Hungry, dirty, and full of fleas Cookie came into our lives.  She was too small for solid food when we first brought her home.
But within a couple of weeks she was eating kibble.  As a little kitten, she spent a lot of time with the kids, I would often find her sleeping in the doll house while the girls played beside.  She has grown into a lovely cat and we all adore her, even my, not very pet enthusiastic, husband.

A few months after we found Cookie, as I was getting up to start lunches and breakfast, I coud hear a kitten crying.  I opened the front door just in time to see a tabby kitten running away.  On our way home from school I told the girls to keep an eye out for him.  We saw no sign of him until we got to our house and there he was meowing under the hedge.  This is how Mowgli came to live with us.

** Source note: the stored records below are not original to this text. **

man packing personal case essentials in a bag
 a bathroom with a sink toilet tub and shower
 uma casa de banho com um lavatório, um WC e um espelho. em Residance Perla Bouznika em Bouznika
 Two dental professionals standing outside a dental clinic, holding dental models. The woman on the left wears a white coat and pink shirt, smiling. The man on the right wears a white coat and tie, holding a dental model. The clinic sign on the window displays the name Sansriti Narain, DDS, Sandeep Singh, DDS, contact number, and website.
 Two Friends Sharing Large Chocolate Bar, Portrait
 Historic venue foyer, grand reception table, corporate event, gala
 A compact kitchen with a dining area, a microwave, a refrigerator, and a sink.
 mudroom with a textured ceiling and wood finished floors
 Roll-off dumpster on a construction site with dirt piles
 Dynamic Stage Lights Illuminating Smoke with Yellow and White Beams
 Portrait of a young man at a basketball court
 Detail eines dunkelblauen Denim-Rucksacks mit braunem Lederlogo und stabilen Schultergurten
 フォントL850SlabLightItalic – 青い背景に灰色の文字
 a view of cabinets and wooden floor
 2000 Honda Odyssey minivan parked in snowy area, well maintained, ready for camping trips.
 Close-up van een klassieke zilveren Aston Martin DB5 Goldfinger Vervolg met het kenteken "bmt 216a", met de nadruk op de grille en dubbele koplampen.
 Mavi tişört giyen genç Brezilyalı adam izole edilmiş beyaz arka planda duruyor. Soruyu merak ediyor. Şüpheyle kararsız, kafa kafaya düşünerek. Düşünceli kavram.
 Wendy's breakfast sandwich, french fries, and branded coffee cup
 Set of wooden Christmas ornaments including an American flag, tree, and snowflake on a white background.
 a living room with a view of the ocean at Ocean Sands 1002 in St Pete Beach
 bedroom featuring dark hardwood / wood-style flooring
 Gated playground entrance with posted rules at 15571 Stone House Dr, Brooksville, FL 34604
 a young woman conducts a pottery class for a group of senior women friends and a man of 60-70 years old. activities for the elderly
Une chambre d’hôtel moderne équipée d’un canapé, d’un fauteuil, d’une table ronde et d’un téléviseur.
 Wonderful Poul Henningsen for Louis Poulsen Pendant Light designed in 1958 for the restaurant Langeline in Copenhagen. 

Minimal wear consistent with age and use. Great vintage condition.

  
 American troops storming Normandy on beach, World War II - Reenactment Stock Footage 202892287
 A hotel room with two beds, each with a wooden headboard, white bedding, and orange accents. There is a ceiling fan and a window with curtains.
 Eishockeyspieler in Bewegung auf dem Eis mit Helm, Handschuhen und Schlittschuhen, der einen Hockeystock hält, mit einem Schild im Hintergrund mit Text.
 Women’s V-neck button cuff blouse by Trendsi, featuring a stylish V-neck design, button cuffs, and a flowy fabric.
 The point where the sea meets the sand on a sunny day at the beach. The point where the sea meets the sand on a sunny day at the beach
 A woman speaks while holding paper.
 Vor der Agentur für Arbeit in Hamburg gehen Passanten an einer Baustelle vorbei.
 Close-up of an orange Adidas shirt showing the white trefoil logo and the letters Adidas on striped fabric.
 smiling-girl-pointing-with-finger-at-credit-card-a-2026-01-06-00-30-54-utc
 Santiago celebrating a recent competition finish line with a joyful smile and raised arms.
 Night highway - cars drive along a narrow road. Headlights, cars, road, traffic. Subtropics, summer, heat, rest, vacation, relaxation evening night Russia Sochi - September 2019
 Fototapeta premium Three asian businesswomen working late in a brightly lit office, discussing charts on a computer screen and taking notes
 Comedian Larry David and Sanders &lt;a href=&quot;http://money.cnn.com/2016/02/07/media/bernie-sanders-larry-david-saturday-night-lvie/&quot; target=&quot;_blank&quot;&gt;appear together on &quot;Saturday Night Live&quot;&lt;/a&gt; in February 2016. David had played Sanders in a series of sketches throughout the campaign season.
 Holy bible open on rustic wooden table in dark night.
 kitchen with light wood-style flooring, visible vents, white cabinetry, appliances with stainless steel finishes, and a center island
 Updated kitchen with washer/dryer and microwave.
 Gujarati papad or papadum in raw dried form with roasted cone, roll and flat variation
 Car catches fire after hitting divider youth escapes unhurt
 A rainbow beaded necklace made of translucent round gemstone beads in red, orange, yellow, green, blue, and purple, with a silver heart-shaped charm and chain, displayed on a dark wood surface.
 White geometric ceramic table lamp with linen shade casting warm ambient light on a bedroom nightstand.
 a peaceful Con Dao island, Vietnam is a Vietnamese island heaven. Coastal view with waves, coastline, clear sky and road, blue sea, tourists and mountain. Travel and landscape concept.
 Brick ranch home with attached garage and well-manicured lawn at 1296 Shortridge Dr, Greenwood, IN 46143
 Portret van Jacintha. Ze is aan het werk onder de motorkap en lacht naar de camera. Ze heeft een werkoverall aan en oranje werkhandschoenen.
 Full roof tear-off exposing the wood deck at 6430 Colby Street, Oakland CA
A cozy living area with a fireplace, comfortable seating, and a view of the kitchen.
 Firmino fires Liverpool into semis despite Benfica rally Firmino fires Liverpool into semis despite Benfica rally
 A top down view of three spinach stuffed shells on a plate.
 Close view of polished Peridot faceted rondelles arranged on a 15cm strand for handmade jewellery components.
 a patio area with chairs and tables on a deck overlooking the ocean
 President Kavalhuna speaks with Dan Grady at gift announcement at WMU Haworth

Mowgli was very wild.  Already able to eat solid food, he was not that hungry and the flea bath traumatized him.  He spent the first week under the cupboards.  I told the girls we'd take him to get fixed and release him back to the street; he seemed so miserable and scared.  But somehow he came around.  He doesn't like the kids as much as Cookie does but he's very affectionate.
Cats are really not ideal pets in the tropics because they kill stuff, and there are so many little creatures for them to hunt here.  Every lizard and bird that they kill is a tragedy and I really wish they didn't.  But Mowgli killed a rat that ran into the house the other night (that was me shrieking, up on the kitchen counter) and that seemed much more felicitous than tragic to me.  There are rats here and when the rain starts they try to move in where it's dry.  So I forgive dear Cookie and Mowgli their bloodthirsty ways.

Occasionally since I've been here in Latin America, I've encountered some pretty incredible superstition about cats.  I remember in Costa Rica, this one woman telling me how cats can steal your soul when you sleep and she was not joking.  She seemed to attribute all crib death to cats.  A lot of people in the countryside seemed to think cats were evil, dangerous and dirty.  You really only saw cats as pets in foreigners' houses.  The city is different, and here in Panama I've met quite a few people with pet cats.  So I was a little surprised when my daughter encountered the whole evil cat thing in the playground.

There's this girl we sometimes see at the playground, who verges on bully.  She's more feared than liked and honestly seems really unhappy.  I keep a close watch when my kids are playing with her, but kids know, there is always wariness when she approaches the group.  The other day she told my daughter in hushed, scandalized tones that "cats are the only animal that isn't in the bible."  This information was supposed to make my daughter feel bad or deviant for having pet cats.  The stupidity of it just kind of baffled her.  'What is that supposed to mean?"  We laughed all the way home to our devil cats.